そして、苺大福を見るだけで満腹感を覚え始めたフィルスは、
「学生時代に本で読んだ事あるけど、人喰い苺って苺のヘタの部分がハエ取り草みたいにな形になってて、苺の甘い香りに釣られた悪魔や魔物をパックリ飲み込んで24時間かけて消化するんだって。その栄養分は苺の実に蓄えられるから、更に甘みが増して次の獲物を誘いやすくなるそうだよ」
さらっと出て来た人喰い苺の概要に悪魔4名は食べるのを止めてやや引き気味。全く気にしていないのは店のおじさんと話こんでいるパイレーツだけです。なお40個目を食べ終わりました。まだ食べます。

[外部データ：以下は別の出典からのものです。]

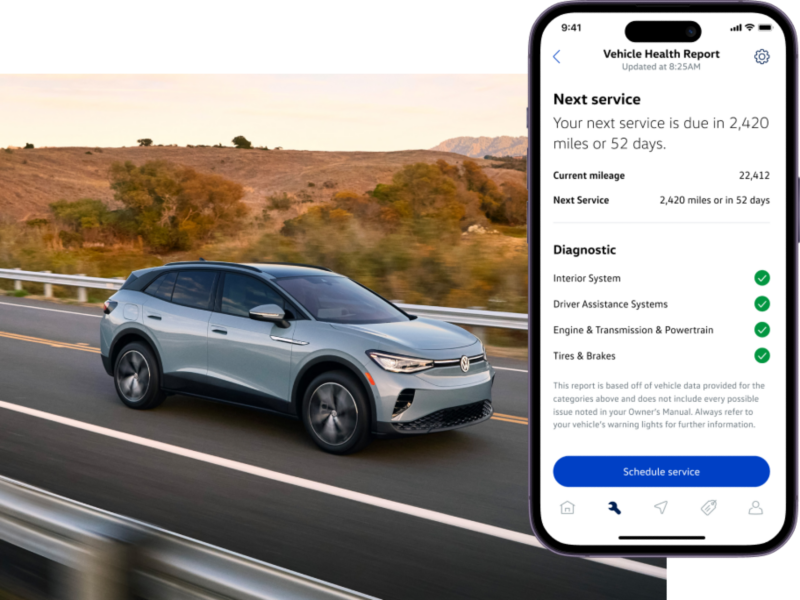 Front view of an ID.4 shown in Arctic Blue Metallic driving with mountains and a lake in the background. The myVW app is displayed on a superimposed mobile phone.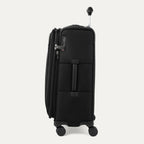 Side view of black suitcase with handle and wheels on a white a background 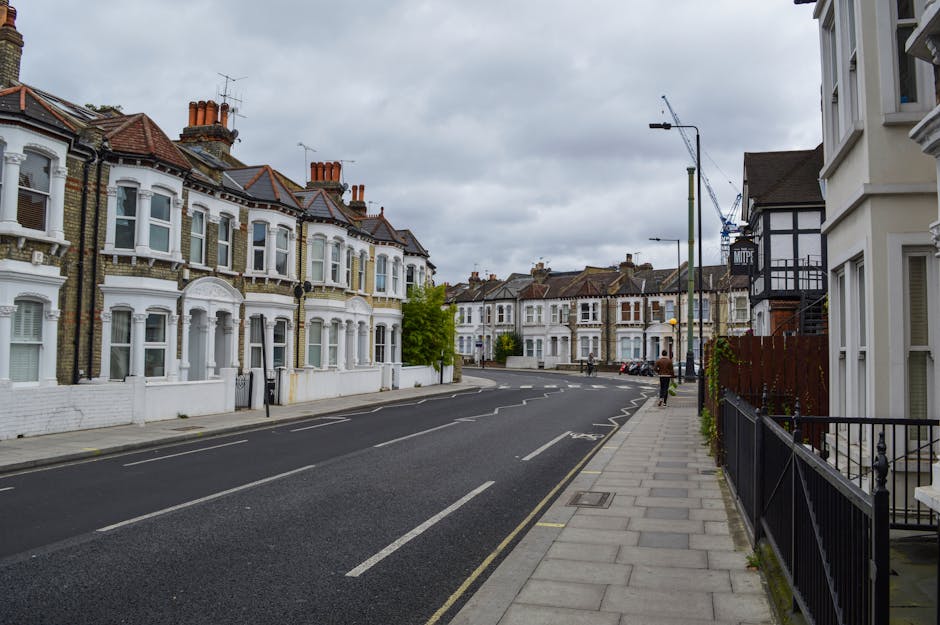 A quiet residential street with Victorian-style terraced houses featuring bay windows and chimneys, situated on Pitshanger Lane in Ealing. The pavement on the right side is made of concrete slabs, with a black metal fence running alongside the front of some houses. Overcast skies cast diffuse lighting over the scene, and a single pedestrian is walking away from the camera. No moving vehicles or loading activity are visible in this image, which captures a calm moment prior to home relocation or moving activities. Ealing Removals, a professional removals company, operates in this area and may utilize streets like this for furniture transport, packing and moving, or access planning related to house removals and parking arrangements.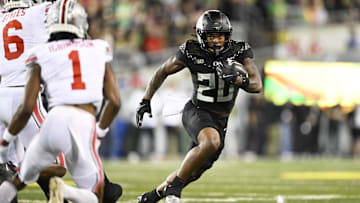 Oct 12, 2024; Eugene, Oregon, USA; Oregon Ducks running back Jordan James (20) runs with the ball during the second half against the Ohio State Buckeyes at Autzen Stadium. Mandatory Credit: Troy Wayrynen-Imagn Images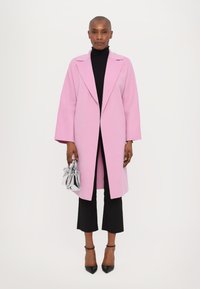 Palton din lână de culoare roz deschis, cu revere largi, purtat peste un pulover negru cu guler înalt. Modelul ține o geantă mică, strălucitoare, din argint. Pantaloni cropped negri și pantofi cu toc.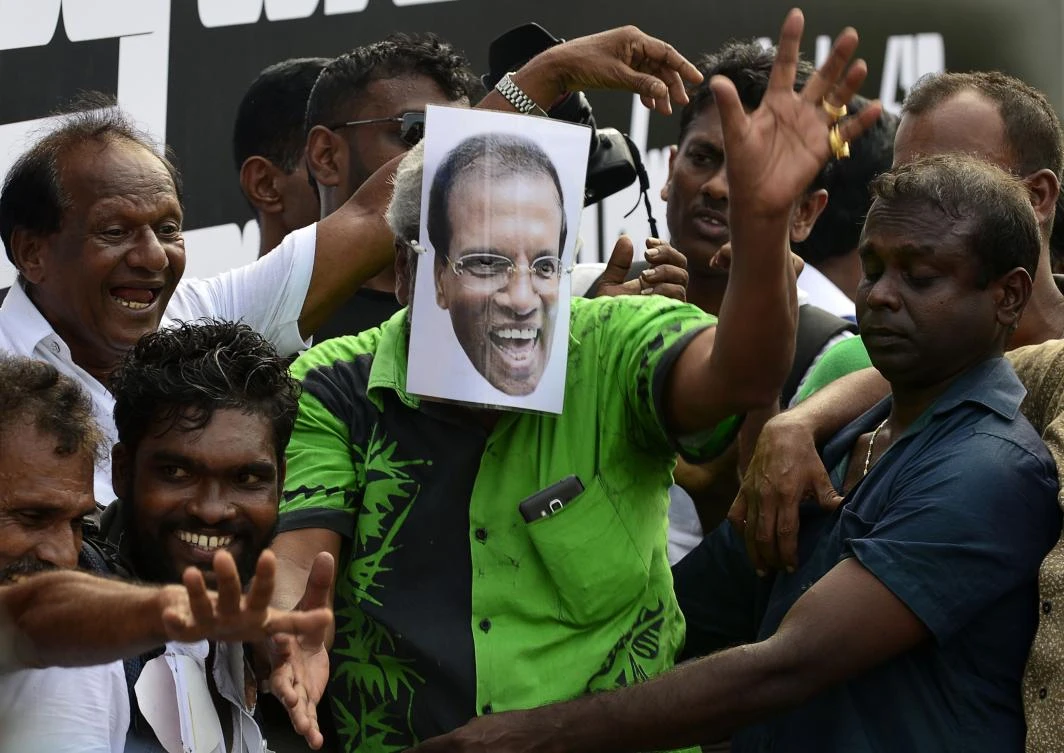 A protester wears a mask depicting Sri Lankan President Maithripala Sirisena during a rally in Colombo on November 15. (AFP)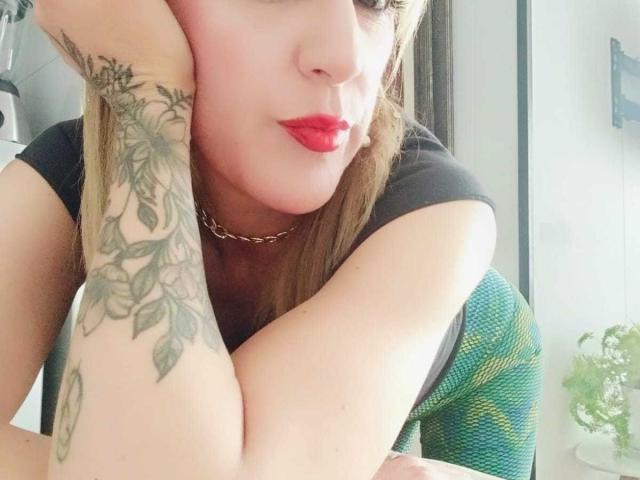 SammyDesire, con le labbra rosse, la camicia nera e il vestito a motivi verdi, appoggia il braccio tatuato su un tavolo, con la testa appoggiata alla mano, indossando una collana a catena, in una stanza luminosa..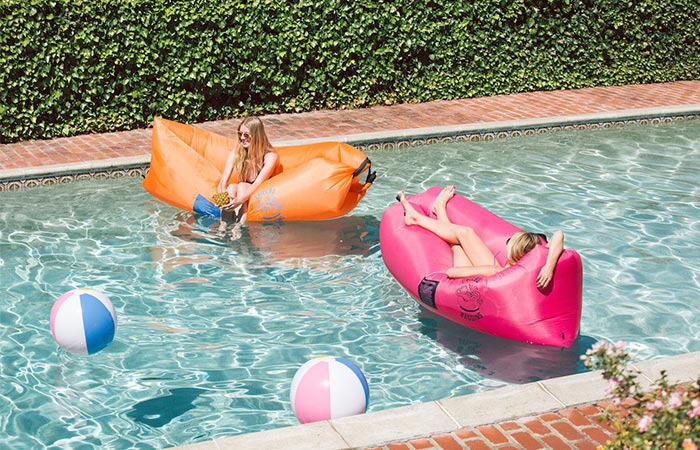 Girls using the Chillbo Baggins in a pool.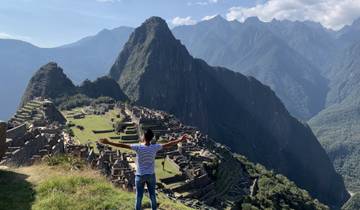 Person with arms outstretched enjoying the view of Machu Picchu.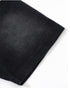 Detailed view of T-shirt sleeve showing rotator cuff seam and clean stitching.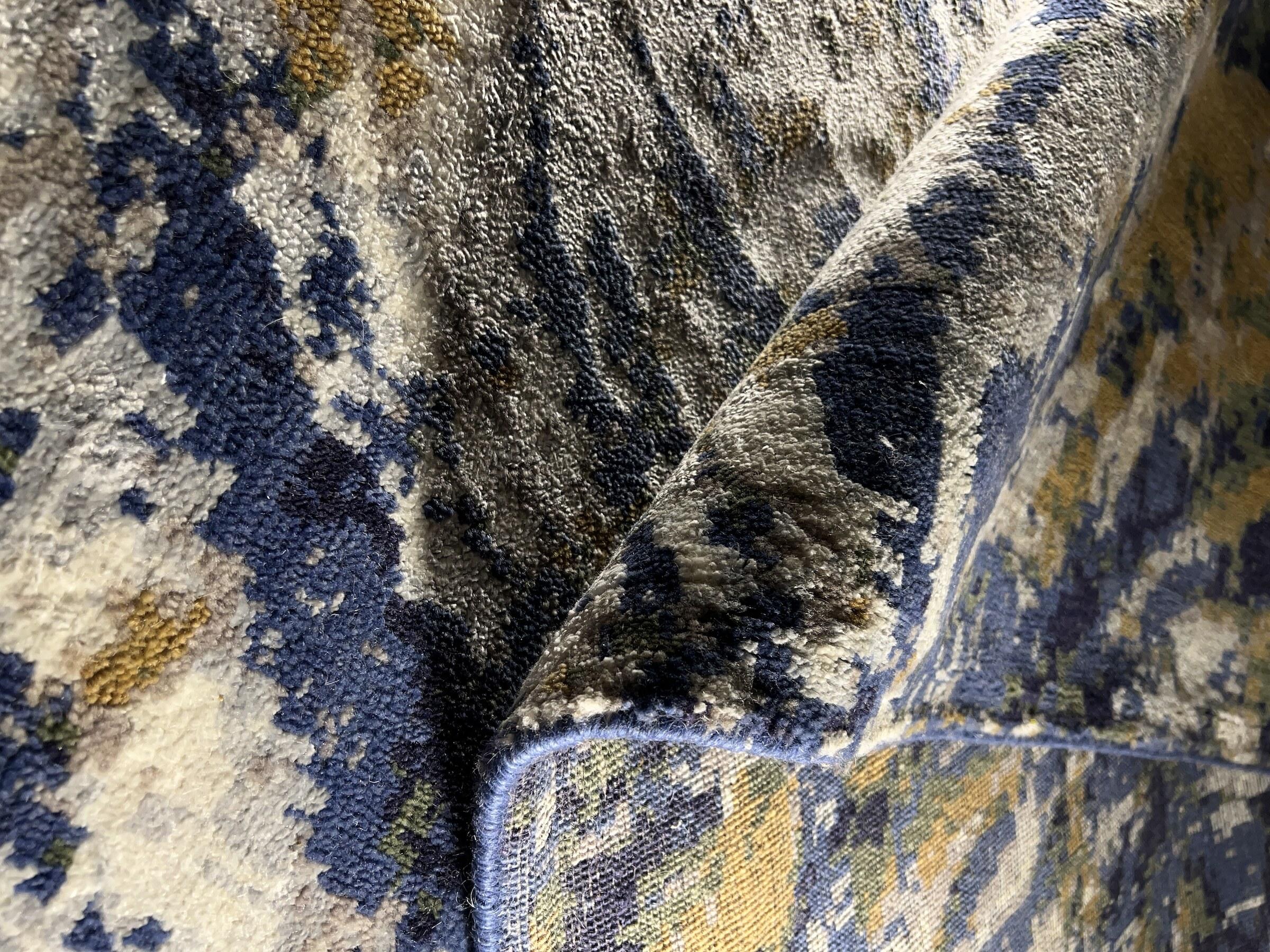 The folded edge of a hand-knotted Raheem & Son rug in blue and gold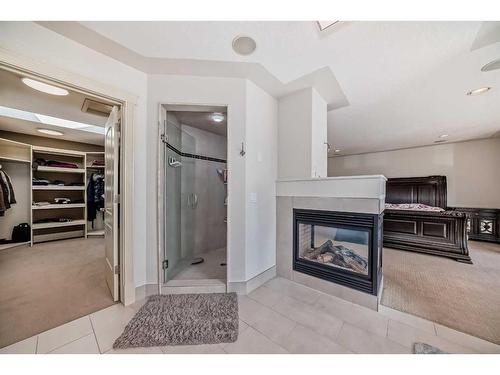 4 Rockcliff Point Nw, Calgary, AB - Indoor With Fireplace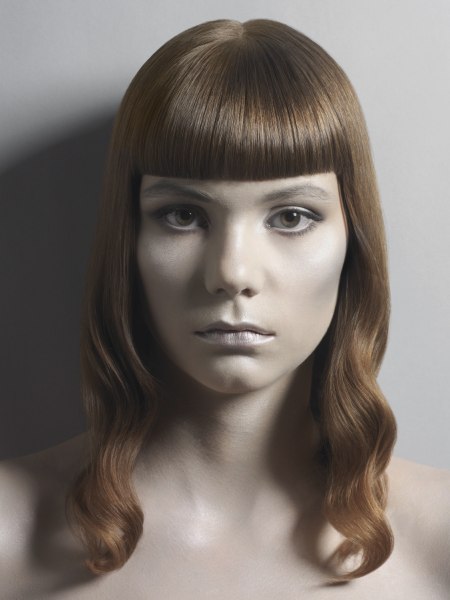 Below the shoulders hairstyle with full blunt bangs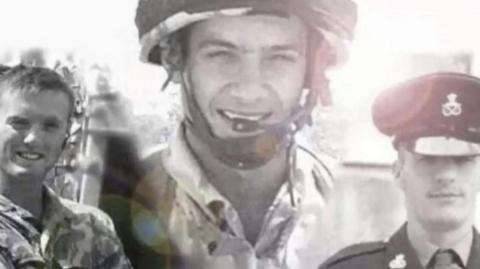 A black and white image of three soldiers. The man on the left and man in the middle are wearing army combat uniforms and the man on right is wearing a cap and ceremonial uniform with a shirt and tie. 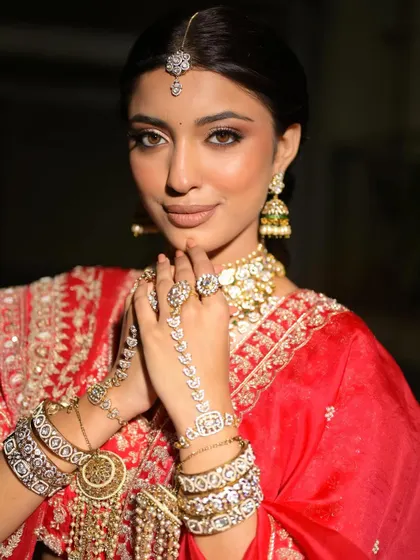 Another beautiful portrait showcasing the complete look. The makeup is designed to be timeless and photograph beautifully.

「今一番聞きたくなかった知識だぞそれ……つまり何か?アタシらは悪魔の血肉を溜め込んだスイーツ食ってんの?奴らの血肉は苺になって苺はアタシらの血肉になんの?」
「それが自然の摂理ってやつだよミトンちゃん……分かっちゃいるけど引くよね」
完全に食欲を失ったミトンとソレイユ、残りは持って帰ってゆっくり食べようと話し始めた時です。コタロウが再び口を開いたのは。
「この苦しみをミニ魔界で悠々と過ごしている悪魔たちにも味あわせてやろうよ姉さん。そしたら少しは気が紛れる」
「おっちゃん!苺大福7個くれ!ついでにテイクアウト用の袋か何かくれ!」
「あいよー」
「おい」
姫華の静かな制止など聞く耳持たれず、手土産として持ち帰った喰われ苺大福はミニ魔界に残っていた悪魔たちを色々な意味で苦しめる事になるのでした。